#### THE PROBLEM:
Extract only the first line of the listing and every line after it up to and including the one with "Victoria Beckham VB". Omit the pictures.

#### DATA SECTION:
++++++++++++++++++++
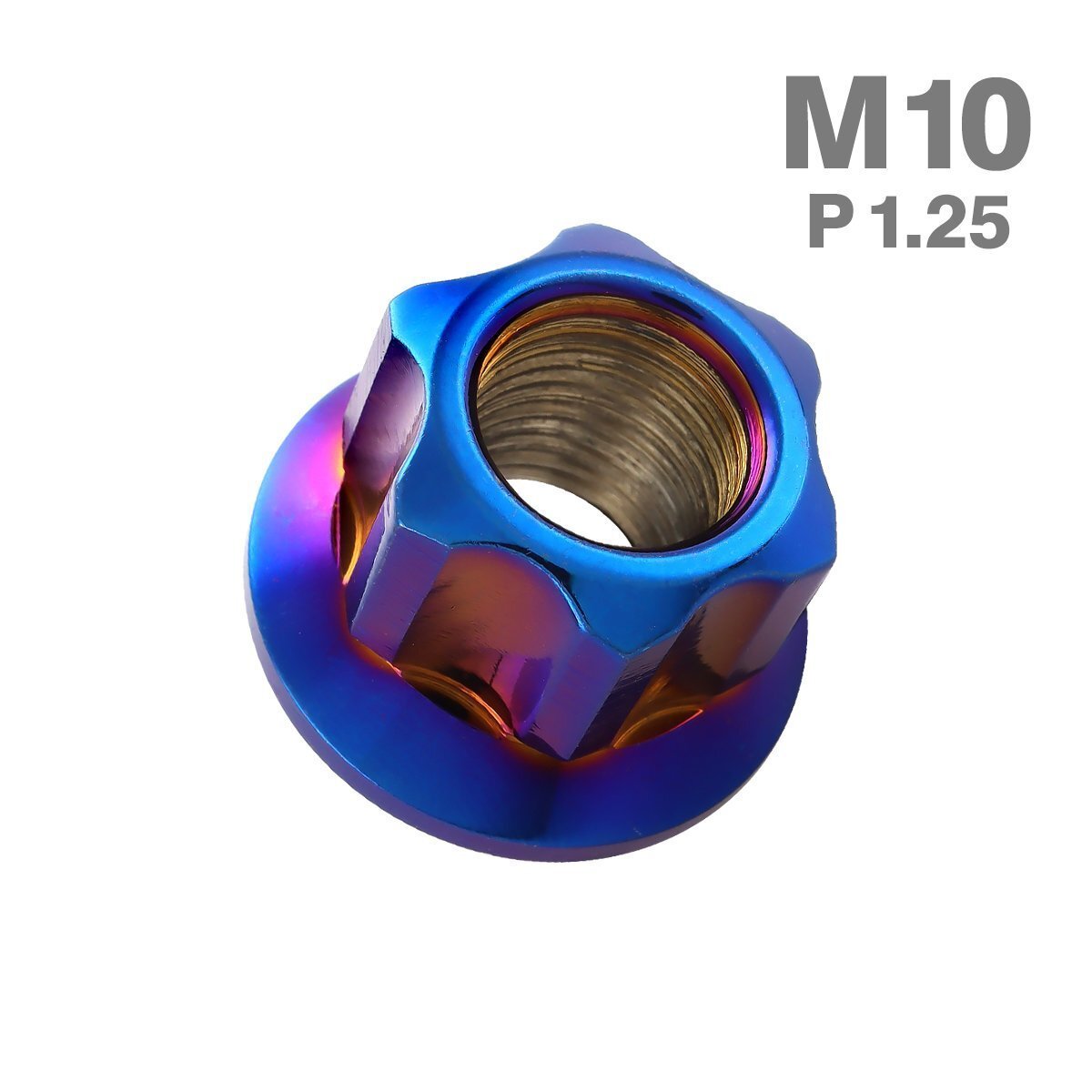 M10 P1.25 六角ナット ロング貫通ナット マフラーナット フランジ付き ステンレス 焼きチタンカラー カウル フェンダー バイク 1個 TF0066拍卖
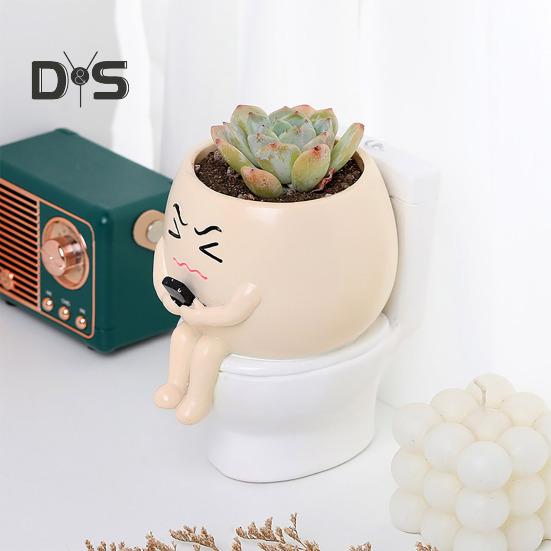 Горшок для растений Face Resin Buddy on Toilet Flowerpot Настольный декор Суккулентный горшок для домашнего офиса Комнатные растения Подарок любителям растений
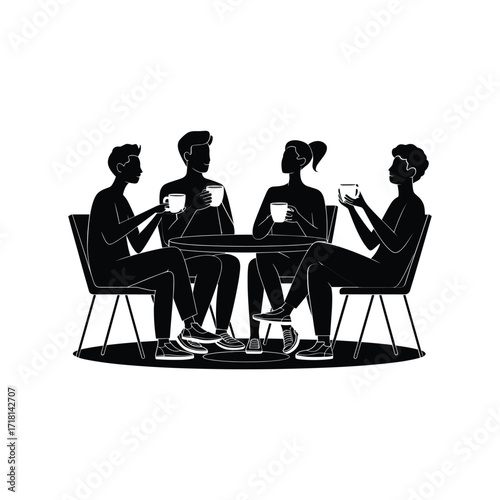 Friends enjoying coffee together sitting at a round table in a silhouette style
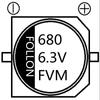 6. Condensador electrolítico SMD 3v680uf fabricante FOLLON 6.3X7.7 suministro de serie completa serigrafía fija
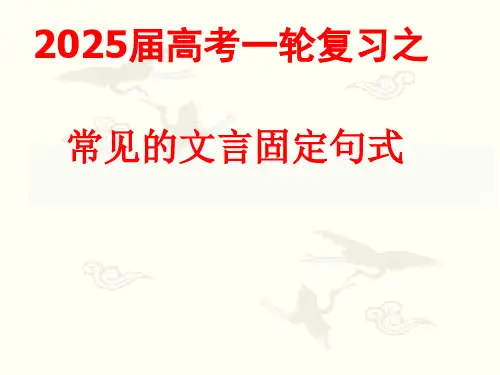2025届高考语文复习：文言固定句式(疑问、反问、选择、感叹、揣度)课件
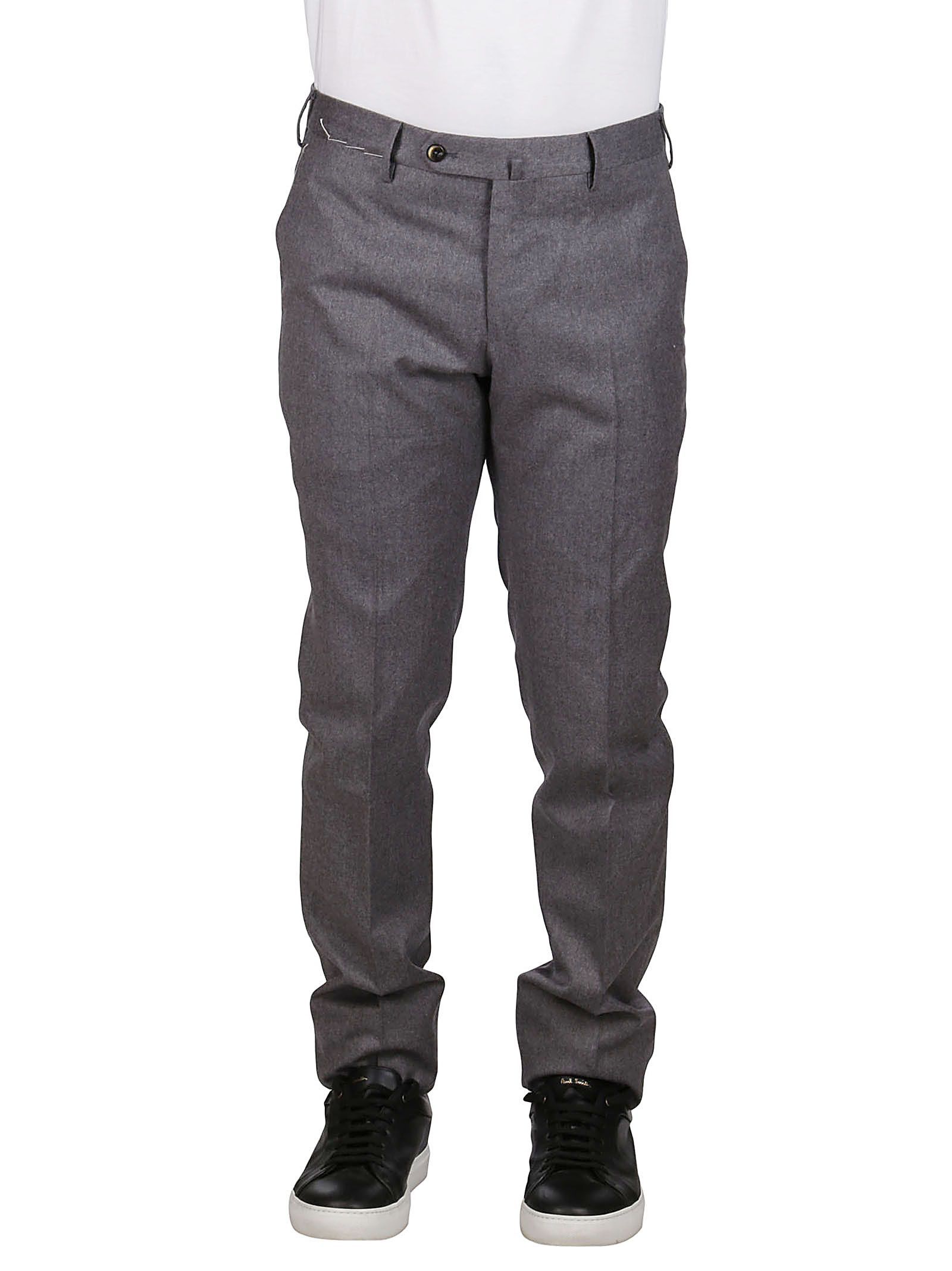 Pt01 Tailored Grey Trousers With Pleat In Black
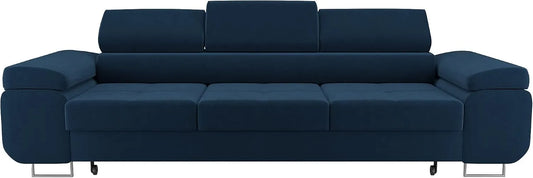 Sofa — z funkcją spania, z podłokietnikami, niebieski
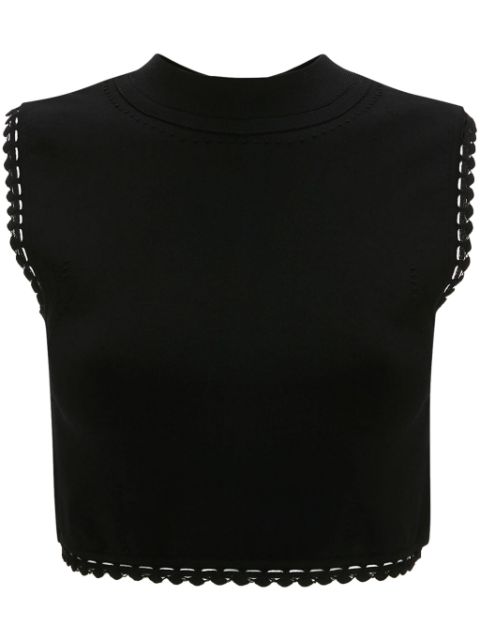 Victoria Beckham VB Body scallop-trim tank top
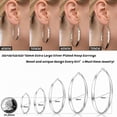 thumbnail image 6 of YOUNGYUE Silver Hoop Earrings for Women, 30-70mm Hypoallergenic Big Silver Plated Hoops, Lightweight, 6 of 7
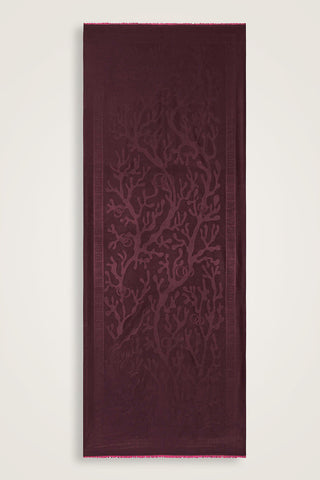 Mercan Bordo Jakarlı İpek Şal 70x200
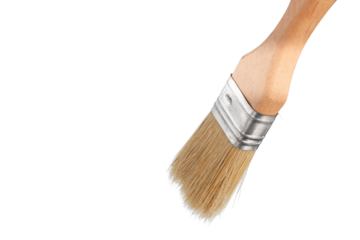 brush for painting walls close-up, on a black background, clean paint brush, isolated, empty space for your text.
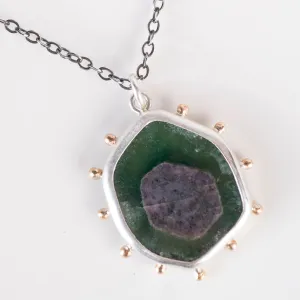 Hailey Ruby in Zoisite Pendant with Gold Granule Halo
++++++++++++++++++++
#### TASK OUTPUT:
 M10 P1.25 六角ナット ロング貫通ナット マフラーナット フランジ付き ステンレス 焼きチタンカラー カウル フェンダー バイク 1個 TF0066拍卖
 Горшок для растений Face Resin Buddy on Toilet Flowerpot Настольный декор Суккулентный горшок для домашнего офиса Комнатные растения Подарок любителям растений
 Friends enjoying coffee together sitting at a round table in a silhouette style
 6. Condensador electrolítico SMD 3v680uf fabricante FOLLON 6.3X7.7 suministro de serie completa serigrafía fija
2025届高考语文复习：文言固定句式(疑问、反问、选择、感叹、揣度)课件
 Pt01 Tailored Grey Trousers With Pleat In Black
 Sofa — z funkcją spania, z podłokietnikami, niebieski
 Victoria Beckham VB Body scallop-trim tank top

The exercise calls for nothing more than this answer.